Exercise: In the entries below, copy only the lines from the one that contains "Car thumbnail 2" through the last line, exactly, and omit any pictures.

[Short descriptive text snippets]
══════════

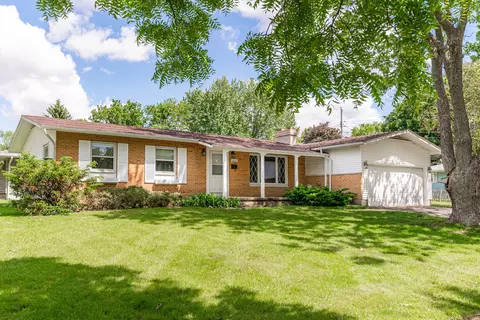 1010 Glidden Ave, Dekalb, IL 60115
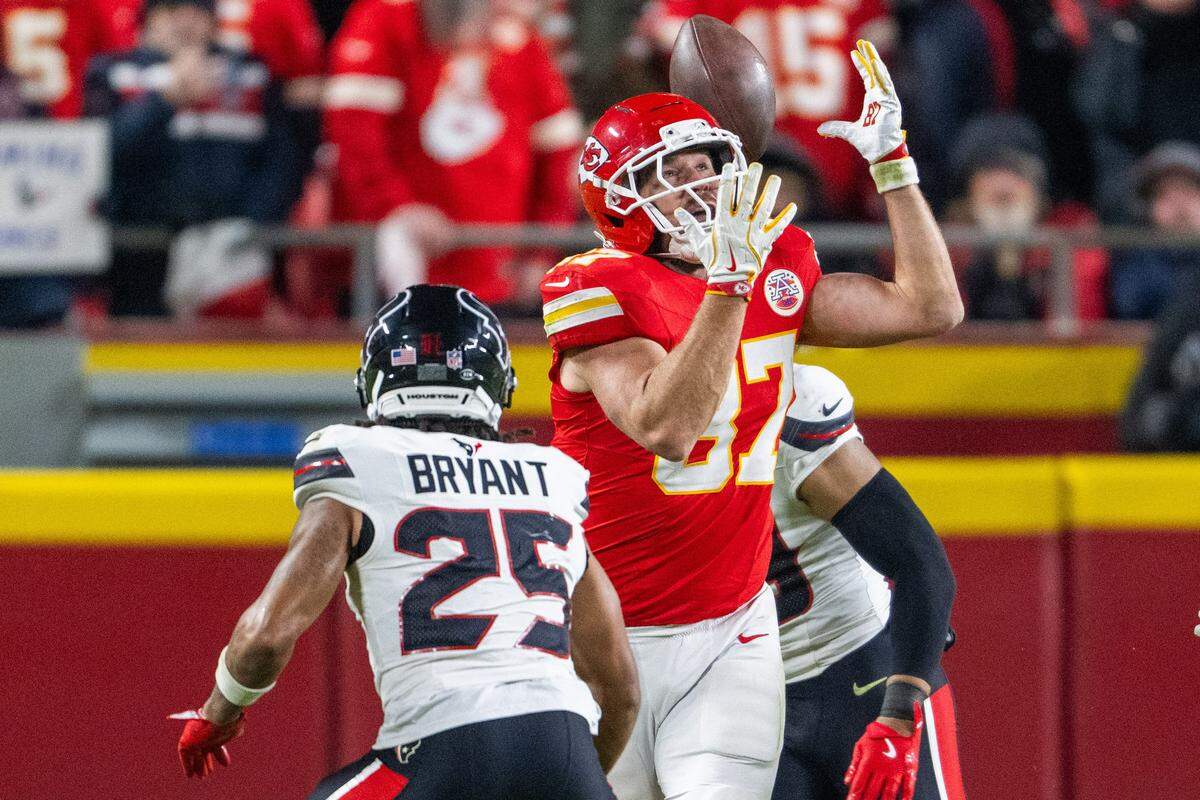 Kansas City Chiefs tight end Travis Kelce (87) bobbles a catch that turns into an interception in the fourth quarter of the second half of the Chiefs game vs. the Houston Texans on Sunday, December 7, 2025, at GEHA Field at Arrowhead Stadium.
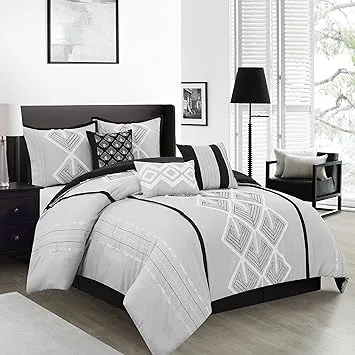 Nanshing Carter 7 Piece Geometric Comforter Set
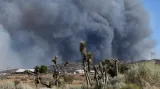 Dým z požáru v San Bernardinu. Úřady vyhlásily evakuaci, která se týká 82 tisíc lidí.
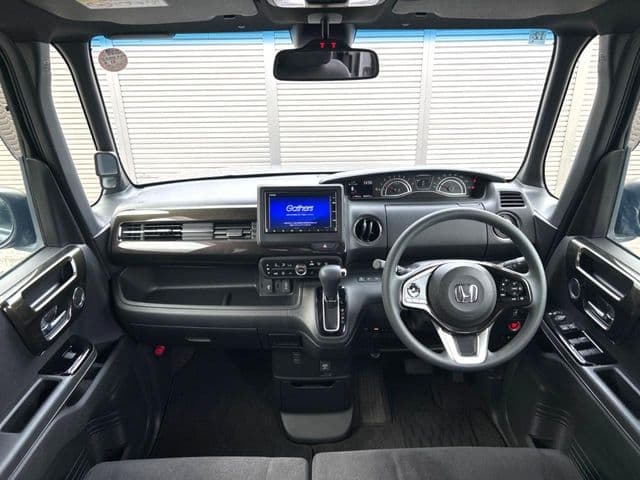 Car thumbnail 2
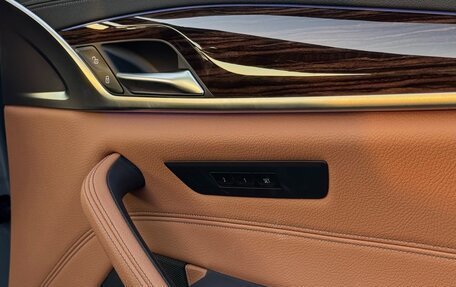 BMW 5 серия, 2020 год, 5 500 000 рублей, 24 фотография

══════════

Response:
 Car thumbnail 2
 BMW 5 серия, 2020 год, 5 500 000 рублей, 24 фотография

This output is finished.